There is no separate handling along modern lines of around 1,100 tonnes of garbage generated by hospitals in Karachi on a daily basis as haphazard disposal of medical waste continues to pose a serious public health risk.
This was stated by the dean of architecture and management sciences at the NED University of Engineering & Technology, Prof Dr Noman Ahmed, in his keynote address at the National Waste Management Conference organised by the National Forum for Environment and Health (NFEH) at a hotel.
Dr Ahmed said municipal workers and scavengers in Karachi are prone to deadly infectious diseases as they handle hospital waste on a daily basis without any safety precautions, much like the casual way in which municipal garbage is handled in the city.
He lamented that there is no check at all to stop scavengers from trying to extract useful and recyclable material from hospital trash, saying that this practice should come to an end to safeguard public health. He also pointed out that hospital waste is quite often mixed with regular municipal trash generated by the city instead of its disposal in a safe manner.
The senior faculty member, who is involved in different studies on waste management practices, emphasised that hospital waste should be properly segregated before its disposal on a scientific basis.
He said the government should provide maximum resources and support for developing an efficient system of hospital waste disposal because unsafe practices in this regard gravely compromised public health during the coronavirus pandemic.
Dr Ahmed said that barring a few big private hospitals in Karachi, other healthcare facilities do not have any specialised system to handle their waste because their respective administrations want to perform this essential task with minimal spending.
Zubair Ahmed Channa, managing director of the Sindh Solid Waste Management Board (SSWMB), told the audience that a very haphazard system was in place before the SSWMB came into existence in 2014 for the disposal of 11,000 tonnes of municipal waste generated by the city on a daily basis.
Channa said private contractors and scavengers collecting waste from different neighbourhoods before the SSWMB’s establishment did not ensure that the trash they collected must ultimately reach the city’s two proper landfill sites, so the garbage was instead thrown at various dumping points near residential localities.
He said that before the SSWMB put in place its proper waste collection system, different agencies in the city, including cantonments, also did not ensure that the waste they collected must reach the two landfill sites for proper disposal. He added that the SSWMB ensures that up to 9,000 tonnes of waste generated by Karachi on a daily basis reaches the landfill sites, while just a year ago, only 3,000 tonnes of garbage was reaching these sites for safe disposal.
Channa said he has been facing immense difficulties to persuade the residents of a number of neighbourhoods and office-bearers of various industrial estates in the city not to depend on irregular private contractors for waste collection any more, but instead, they should fully rely on the SSWMB for this essential service.

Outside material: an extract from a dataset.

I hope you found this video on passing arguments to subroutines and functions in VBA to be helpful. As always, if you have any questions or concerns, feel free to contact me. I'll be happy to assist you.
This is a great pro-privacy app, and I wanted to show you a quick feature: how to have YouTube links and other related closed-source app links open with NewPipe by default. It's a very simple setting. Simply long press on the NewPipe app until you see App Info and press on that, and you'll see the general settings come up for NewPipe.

He said that owing to improper handling and disposal of trash in Karachi, it is difficult to consume municipal waste for useful purposes like waste-to-energy and recycling projects. Wasif Ijlal, CEO of TransKarachi, said the Red Line bus rapid transit service project being built in Karachi from the Malir Halt to Numaish will generate minimal carbon emissions because it will operate on biogas that will be generated by using dung available in the city’s Bhains (Cattle) Colony.
Ijlal said Red Line will become operational in the next three years and resolve the issue of safe disposal of dung produced in Bhains Colony that is otherwise unsafely disposed of into the sea. He said the use of biogas for Red Line will minimise its fuel cost and it will become the first bus service in Pakistan that will require no subsidy from the government for its operation.
NFEH President Naeem Qureshi said his non-governmental organisation hosted the conference to find a lasting solution to the municipal and hazardous waste generated in the city so that the health of its citizens can be protected.
Sindh Local Government Minister Syed Nasir Hussain Shah assured the audience that in the next few weeks, the SSWMB’s proper waste collection system will be deployed in all Karachi districts for daily collection and disposal of garbage. Shah said that in the next phase, the SSWMB will introduce its waste disposal system in other major cities of the province after resolving the trash issue in the city.
He said the government is committed to making Karachi clean and green, and a fully developed city, for which purpose its road and civic infrastructure will be rebuilt and overhauled as soon as the monsoon rains end.